GL : Je ne suis pas théosophe et je ne suis associé à aucun groupe théosophique, je ne peux donc parler que de ce dont j’ai connaissance de manière périphérique, pour ainsi dire. Mais la Société théosophique sous ses différentes formes — il y a un certain nombre d’incarnations différentes — est toujours vivante et dynamique. Je sais qu’ici, à Londres, la Société théosophique est un centre qui organise un large éventail de débats, de conférences et d’autres activités, tous liés aux thèmes de la spiritualité, de la conscience et de la « connaissance perdue ». La présence théosophique est très active sur Internet, avec plusieurs sites consacrés à différents aspects de la théosophie en général et de Blavatsky en particulier. Mon livre lui-même semble avoir stimulé certaines discussions. Je pense donc qu’elle continuera à occuper une place importante dans le monde « alternatif ». Ce que j’ai constaté avec pratiquement tous les mouvements ou groupes associés aux personnes sur lesquelles j’ai écrit — Steiner, Swedenborg, Ouspensky, etc. — c’est qu’ils cherchent tous à se renouveler, à attirer un public plus large et plus jeune, à se rendre plus inclusifs. Je pense qu’il existe un parallèle avec le monde extérieur au sens large. J’ai participé à des manifestations artistiques en Europe et en Angleterre, dans de grands musées et galeries d’art, qui mettaient la spiritualité au centre de leurs préoccupations, et la théosophie est un élément fréquent de ces manifestations. En fait, je suis censé participer à une grande rétrospective de l’œuvre de la peintre théosophique suédoise Hilma af Klint à Stockholm dans le courant de l’année (2013). Je pense qu’en général, le monde officiel commence à voir ce dont beaucoup d’entre nous sont conscients depuis des années : l’ésotérisme a eu une influence beaucoup plus grande sur le monde moderne que nous ne le pensons.

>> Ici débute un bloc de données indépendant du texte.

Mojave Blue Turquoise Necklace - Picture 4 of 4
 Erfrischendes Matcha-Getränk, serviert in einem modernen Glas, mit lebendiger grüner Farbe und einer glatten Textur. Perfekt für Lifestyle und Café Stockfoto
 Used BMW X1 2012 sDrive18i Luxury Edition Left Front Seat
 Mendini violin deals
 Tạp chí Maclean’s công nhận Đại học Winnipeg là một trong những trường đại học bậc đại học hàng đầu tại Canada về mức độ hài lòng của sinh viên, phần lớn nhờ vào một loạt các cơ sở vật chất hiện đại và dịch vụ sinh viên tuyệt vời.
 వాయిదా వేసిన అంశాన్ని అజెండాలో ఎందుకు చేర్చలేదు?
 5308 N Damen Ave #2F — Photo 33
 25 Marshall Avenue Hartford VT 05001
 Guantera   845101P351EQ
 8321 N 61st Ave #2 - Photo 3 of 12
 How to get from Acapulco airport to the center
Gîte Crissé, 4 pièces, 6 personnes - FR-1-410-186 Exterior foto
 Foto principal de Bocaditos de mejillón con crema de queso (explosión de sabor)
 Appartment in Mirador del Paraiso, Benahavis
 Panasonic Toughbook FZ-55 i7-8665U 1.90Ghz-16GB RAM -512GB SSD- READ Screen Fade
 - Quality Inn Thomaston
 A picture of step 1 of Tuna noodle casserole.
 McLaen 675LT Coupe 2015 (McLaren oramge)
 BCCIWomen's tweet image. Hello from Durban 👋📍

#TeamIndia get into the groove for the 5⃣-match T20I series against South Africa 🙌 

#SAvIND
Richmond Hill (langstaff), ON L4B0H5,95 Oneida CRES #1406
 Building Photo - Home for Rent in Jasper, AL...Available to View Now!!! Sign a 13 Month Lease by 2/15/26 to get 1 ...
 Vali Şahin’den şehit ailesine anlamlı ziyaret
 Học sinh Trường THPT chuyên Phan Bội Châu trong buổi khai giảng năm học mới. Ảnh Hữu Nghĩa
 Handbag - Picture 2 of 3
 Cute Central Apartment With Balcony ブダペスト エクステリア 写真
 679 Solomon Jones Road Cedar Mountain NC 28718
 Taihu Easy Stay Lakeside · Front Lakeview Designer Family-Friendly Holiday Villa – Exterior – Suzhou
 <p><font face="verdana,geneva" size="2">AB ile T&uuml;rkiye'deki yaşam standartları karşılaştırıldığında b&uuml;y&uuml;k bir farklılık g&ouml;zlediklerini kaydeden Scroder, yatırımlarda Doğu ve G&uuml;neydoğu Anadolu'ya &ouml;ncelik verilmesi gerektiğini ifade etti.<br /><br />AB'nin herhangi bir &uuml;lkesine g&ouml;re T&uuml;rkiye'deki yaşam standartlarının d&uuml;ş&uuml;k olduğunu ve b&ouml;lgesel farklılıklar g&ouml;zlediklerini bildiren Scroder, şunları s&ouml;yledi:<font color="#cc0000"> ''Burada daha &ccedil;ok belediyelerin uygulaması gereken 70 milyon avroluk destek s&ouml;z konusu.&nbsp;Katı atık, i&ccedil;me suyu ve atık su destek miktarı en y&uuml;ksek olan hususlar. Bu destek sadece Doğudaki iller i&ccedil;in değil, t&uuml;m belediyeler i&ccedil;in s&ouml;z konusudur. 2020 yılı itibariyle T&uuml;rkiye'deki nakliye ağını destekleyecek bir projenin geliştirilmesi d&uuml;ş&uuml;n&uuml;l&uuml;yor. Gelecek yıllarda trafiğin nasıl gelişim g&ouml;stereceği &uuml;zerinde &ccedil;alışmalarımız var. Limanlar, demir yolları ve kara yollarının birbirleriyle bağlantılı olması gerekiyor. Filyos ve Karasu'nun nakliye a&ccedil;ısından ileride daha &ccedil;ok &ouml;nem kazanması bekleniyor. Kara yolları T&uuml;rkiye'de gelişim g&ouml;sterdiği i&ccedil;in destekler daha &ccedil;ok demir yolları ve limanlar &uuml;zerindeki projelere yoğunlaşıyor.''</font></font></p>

RS : Quel est votre point de vue sur l’évolution humaine, en particulier en ce qui concerne l’époque actuelle ? Que pensez-vous qu’il arrive à la race humaine dans son ensemble à ce stade du jeu ?

GL : Comme je l’ai dit, la majeure partie de mon travail est axée sur l’idée d’une évolution de la conscience. Mon point de vue s’appuie sur les travaux de personnes comme Colin Wilson, Owen Barfield, Jean Gebser et d’autres ; j’en parle longuement dans mon livre A Secret History of Consciousness (Une histoire secrète de la conscience). D’une manière générale, je pense que nous assistons au début de l’effondrement du type de réductionnisme scientifique qui a été le mode dominant de la conscience au cours des quatre derniers siècles. Cela ne signifie pas qu’une enseigne au néon se lèvera à l’horizon pour annoncer le début d’une nouvelle ère. Ce n’est pas ainsi que cela fonctionne, et il ne faut pas chercher les signes de ce changement dans les actualités. Les changements de conscience ne signifient pas nécessairement des changements immédiats dans la société ou dans le monde. Tout travail commence par l’individu. Mais je pense que depuis un siècle environ, de plus en plus de gens ont compris que la science, ou plutôt le scientisme n’est tout simplement d’aucune aide lorsqu’il s’agit de répondre aux grandes questions, telles que De quoi s’agit-il ? La science est très douée pour le savoir-faire, mais inutile pour « savoir pourquoi ». Le boson de Higgs ne peut pas me dire pourquoi j’existe et ce que je suis censé faire maintenant que je suis là. Pendant longtemps, nous avons adhéré à l’idée que si la science ne peut pas répondre à ces questions, c’est qu’elles sont absurdes. Mais cela ne fonctionne plus. Le principal défi consiste à comprendre le fonctionnement de notre propre conscience, et non à essayer de l’expliquer de manière simpliste, comme l’ont fait les neurosciences et la majorité des philosophies de l’esprit contemporaines. La science ne peut pas me dire quel est le sens de ma vie, et les religions établies — qui étaient autrefois capables de satisfaire ce besoin de sens — ne semblent plus en mesure de le faire. Je pense que la réponse se trouve en nous-mêmes, dans notre propre esprit. Je pense que HPB aurait été d’accord.

La biographie que Gary Lachman consacre à H.P. Blavatsky, figure spirituelle pionnière du XIXe siècle, s’intitule Madame Blavatsky : The Mother of Modern Spirituality (352 pages, Tarcher 2012).